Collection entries
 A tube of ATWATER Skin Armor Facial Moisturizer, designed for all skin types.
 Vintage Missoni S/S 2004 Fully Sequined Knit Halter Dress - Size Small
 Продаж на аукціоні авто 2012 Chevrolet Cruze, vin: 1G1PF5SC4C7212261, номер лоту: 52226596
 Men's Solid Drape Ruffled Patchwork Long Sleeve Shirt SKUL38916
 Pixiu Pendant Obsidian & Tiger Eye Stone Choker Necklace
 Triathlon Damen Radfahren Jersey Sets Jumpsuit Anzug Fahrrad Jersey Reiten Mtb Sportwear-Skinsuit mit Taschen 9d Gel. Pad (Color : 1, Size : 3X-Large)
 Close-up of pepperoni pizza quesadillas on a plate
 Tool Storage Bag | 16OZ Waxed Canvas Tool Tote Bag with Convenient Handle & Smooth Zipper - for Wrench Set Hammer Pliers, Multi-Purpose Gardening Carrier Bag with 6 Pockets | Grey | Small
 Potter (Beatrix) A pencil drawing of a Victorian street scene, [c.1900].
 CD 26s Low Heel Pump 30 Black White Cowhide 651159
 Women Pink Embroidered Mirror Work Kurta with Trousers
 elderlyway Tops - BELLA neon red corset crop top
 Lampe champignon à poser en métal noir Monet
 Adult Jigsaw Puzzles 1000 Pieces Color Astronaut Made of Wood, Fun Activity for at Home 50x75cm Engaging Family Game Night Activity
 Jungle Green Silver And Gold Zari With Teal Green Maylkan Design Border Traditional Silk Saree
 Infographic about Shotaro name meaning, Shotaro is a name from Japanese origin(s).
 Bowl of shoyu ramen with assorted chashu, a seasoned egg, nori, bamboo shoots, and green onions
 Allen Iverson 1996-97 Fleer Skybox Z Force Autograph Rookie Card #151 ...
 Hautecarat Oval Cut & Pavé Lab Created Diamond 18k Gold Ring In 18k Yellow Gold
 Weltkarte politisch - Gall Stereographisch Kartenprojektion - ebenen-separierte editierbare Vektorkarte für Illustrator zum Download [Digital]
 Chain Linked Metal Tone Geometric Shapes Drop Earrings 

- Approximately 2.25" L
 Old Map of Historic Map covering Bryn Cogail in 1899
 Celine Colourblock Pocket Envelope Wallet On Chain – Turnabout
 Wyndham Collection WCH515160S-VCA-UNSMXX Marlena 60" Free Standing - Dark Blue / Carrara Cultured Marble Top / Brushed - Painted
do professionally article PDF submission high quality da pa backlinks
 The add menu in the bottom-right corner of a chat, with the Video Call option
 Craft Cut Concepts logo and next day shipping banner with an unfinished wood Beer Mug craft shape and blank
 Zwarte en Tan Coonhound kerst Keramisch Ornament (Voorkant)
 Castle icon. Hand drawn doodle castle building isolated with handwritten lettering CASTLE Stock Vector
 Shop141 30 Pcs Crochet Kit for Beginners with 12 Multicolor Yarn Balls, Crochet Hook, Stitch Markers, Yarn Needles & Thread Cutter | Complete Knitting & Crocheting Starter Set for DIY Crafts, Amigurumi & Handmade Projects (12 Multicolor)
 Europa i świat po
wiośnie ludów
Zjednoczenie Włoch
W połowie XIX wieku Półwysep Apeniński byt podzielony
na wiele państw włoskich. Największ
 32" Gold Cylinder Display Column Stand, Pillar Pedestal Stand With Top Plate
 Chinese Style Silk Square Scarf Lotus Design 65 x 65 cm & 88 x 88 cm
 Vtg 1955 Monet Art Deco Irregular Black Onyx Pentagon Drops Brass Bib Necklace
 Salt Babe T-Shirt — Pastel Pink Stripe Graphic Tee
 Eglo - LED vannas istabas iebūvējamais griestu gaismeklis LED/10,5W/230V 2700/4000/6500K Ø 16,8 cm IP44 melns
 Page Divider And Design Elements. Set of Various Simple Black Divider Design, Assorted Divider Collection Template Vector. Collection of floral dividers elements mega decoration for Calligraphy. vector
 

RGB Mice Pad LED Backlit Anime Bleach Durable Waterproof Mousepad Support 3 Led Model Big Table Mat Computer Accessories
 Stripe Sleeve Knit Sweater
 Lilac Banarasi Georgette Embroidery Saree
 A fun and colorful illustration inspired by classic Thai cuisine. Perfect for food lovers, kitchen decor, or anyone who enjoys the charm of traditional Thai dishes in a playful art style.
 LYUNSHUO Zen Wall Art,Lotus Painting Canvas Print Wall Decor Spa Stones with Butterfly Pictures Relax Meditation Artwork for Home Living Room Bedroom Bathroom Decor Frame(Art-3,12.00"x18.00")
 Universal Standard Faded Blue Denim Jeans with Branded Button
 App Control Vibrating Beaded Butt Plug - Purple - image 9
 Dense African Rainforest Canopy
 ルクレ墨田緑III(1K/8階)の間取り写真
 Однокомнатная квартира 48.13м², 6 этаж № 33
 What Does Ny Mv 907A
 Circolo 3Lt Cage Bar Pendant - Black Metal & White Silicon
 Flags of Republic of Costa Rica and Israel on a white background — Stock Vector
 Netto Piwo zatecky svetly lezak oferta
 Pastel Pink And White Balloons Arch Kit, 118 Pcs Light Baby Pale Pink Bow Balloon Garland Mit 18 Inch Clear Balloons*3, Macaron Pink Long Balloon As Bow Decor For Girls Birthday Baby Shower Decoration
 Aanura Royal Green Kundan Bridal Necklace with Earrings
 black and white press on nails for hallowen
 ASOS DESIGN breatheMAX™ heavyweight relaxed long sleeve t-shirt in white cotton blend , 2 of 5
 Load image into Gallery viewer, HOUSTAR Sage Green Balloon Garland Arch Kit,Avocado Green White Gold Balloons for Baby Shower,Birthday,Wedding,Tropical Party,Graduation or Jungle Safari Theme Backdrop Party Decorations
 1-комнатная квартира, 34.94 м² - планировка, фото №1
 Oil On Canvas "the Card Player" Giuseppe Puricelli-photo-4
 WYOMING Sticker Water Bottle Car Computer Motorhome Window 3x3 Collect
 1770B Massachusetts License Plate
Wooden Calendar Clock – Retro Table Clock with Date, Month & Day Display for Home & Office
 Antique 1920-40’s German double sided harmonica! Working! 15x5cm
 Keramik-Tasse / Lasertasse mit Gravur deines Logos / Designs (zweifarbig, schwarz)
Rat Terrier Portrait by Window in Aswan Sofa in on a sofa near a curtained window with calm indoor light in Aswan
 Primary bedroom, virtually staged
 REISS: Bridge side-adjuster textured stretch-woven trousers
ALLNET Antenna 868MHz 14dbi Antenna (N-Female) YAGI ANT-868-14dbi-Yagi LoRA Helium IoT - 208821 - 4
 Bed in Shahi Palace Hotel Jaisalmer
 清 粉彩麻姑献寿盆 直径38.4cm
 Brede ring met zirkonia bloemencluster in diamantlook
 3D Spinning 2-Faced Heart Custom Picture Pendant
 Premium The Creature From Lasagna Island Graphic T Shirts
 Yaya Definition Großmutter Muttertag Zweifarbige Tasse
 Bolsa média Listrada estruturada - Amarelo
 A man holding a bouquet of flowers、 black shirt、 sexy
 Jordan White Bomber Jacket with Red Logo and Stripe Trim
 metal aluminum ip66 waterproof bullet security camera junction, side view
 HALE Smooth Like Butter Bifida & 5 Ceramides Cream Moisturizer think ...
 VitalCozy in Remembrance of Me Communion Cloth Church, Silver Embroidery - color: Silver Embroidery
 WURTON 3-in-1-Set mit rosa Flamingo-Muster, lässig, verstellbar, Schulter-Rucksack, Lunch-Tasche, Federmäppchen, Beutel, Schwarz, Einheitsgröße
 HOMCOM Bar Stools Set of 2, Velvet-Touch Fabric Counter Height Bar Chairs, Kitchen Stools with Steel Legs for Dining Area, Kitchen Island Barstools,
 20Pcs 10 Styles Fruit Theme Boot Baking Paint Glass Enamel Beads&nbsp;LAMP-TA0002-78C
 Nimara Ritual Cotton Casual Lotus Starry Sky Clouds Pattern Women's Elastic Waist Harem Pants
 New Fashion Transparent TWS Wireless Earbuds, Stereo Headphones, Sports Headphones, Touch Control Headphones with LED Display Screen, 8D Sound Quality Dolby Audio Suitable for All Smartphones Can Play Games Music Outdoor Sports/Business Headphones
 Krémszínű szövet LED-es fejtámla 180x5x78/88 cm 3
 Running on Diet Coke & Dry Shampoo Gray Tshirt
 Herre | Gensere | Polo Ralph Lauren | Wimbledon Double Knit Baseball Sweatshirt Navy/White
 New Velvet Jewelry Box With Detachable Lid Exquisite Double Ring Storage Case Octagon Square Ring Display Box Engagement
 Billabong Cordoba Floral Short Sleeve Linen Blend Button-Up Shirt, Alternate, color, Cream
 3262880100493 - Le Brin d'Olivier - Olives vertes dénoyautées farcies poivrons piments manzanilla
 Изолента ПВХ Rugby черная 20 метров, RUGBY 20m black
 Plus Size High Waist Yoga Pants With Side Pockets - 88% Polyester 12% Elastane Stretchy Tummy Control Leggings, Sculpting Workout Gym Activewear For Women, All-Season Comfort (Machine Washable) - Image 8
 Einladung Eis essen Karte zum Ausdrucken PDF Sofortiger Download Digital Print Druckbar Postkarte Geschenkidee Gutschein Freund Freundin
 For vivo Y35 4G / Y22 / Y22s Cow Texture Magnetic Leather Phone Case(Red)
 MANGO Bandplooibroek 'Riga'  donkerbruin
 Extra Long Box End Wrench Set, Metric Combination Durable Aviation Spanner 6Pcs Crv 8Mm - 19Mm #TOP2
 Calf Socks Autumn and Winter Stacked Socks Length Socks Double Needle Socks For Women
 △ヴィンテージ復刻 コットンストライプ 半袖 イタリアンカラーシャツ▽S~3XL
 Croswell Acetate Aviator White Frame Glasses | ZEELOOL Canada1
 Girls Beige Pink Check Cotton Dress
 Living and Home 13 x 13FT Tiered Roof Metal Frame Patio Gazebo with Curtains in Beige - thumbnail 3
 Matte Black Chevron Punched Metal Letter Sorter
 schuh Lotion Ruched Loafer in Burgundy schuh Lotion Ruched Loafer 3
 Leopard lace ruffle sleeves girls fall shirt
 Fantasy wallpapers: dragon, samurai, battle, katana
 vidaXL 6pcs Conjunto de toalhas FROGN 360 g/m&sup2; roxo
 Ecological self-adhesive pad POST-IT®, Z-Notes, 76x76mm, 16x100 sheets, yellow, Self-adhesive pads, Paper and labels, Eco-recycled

**Task prompt:** Looking at the data above, return every line from the one with "Zwarte en Tan" down to the one with "Netto Piwo zatecky svetly lezak oferta", exactly and inclusively.

**Task answer:**
 Zwarte en Tan Coonhound kerst Keramisch Ornament (Voorkant)
 Castle icon. Hand drawn doodle castle building isolated with handwritten lettering CASTLE Stock Vector
 Shop141 30 Pcs Crochet Kit for Beginners with 12 Multicolor Yarn Balls, Crochet Hook, Stitch Markers, Yarn Needles & Thread Cutter | Complete Knitting & Crocheting Starter Set for DIY Crafts, Amigurumi & Handmade Projects (12 Multicolor)
 Europa i świat po
wiośnie ludów
Zjednoczenie Włoch
W połowie XIX wieku Półwysep Apeniński byt podzielony
na wiele państw włoskich. Największ
 32" Gold Cylinder Display Column Stand, Pillar Pedestal Stand With Top Plate
 Chinese Style Silk Square Scarf Lotus Design 65 x 65 cm & 88 x 88 cm
 Vtg 1955 Monet Art Deco Irregular Black Onyx Pentagon Drops Brass Bib Necklace
 Salt Babe T-Shirt — Pastel Pink Stripe Graphic Tee
 Eglo - LED vannas istabas iebūvējamais griestu gaismeklis LED/10,5W/230V 2700/4000/6500K Ø 16,8 cm IP44 melns
 Page Divider And Design Elements. Set of Various Simple Black Divider Design, Assorted Divider Collection Template Vector. Collection of floral dividers elements mega decoration for Calligraphy. vector
 

RGB Mice Pad LED Backlit Anime Bleach Durable Waterproof Mousepad Support 3 Led Model Big Table Mat Computer Accessories
 Stripe Sleeve Knit Sweater
 Lilac Banarasi Georgette Embroidery Saree
 A fun and colorful illustration inspired by classic Thai cuisine. Perfect for food lovers, kitchen decor, or anyone who enjoys the charm of traditional Thai dishes in a playful art style.
 LYUNSHUO Zen Wall Art,Lotus Painting Canvas Print Wall Decor Spa Stones with Butterfly Pictures Relax Meditation Artwork for Home Living Room Bedroom Bathroom Decor Frame(Art-3,12.00"x18.00")
 Universal Standard Faded Blue Denim Jeans with Branded Button
 App Control Vibrating Beaded Butt Plug - Purple - image 9
 Dense African Rainforest Canopy
 ルクレ墨田緑III(1K/8階)の間取り写真
 Однокомнатная квартира 48.13м², 6 этаж № 33
 What Does Ny Mv 907A
 Circolo 3Lt Cage Bar Pendant - Black Metal & White Silicon
 Flags of Republic of Costa Rica and Israel on a white background — Stock Vector
 Netto Piwo zatecky svetly lezak oferta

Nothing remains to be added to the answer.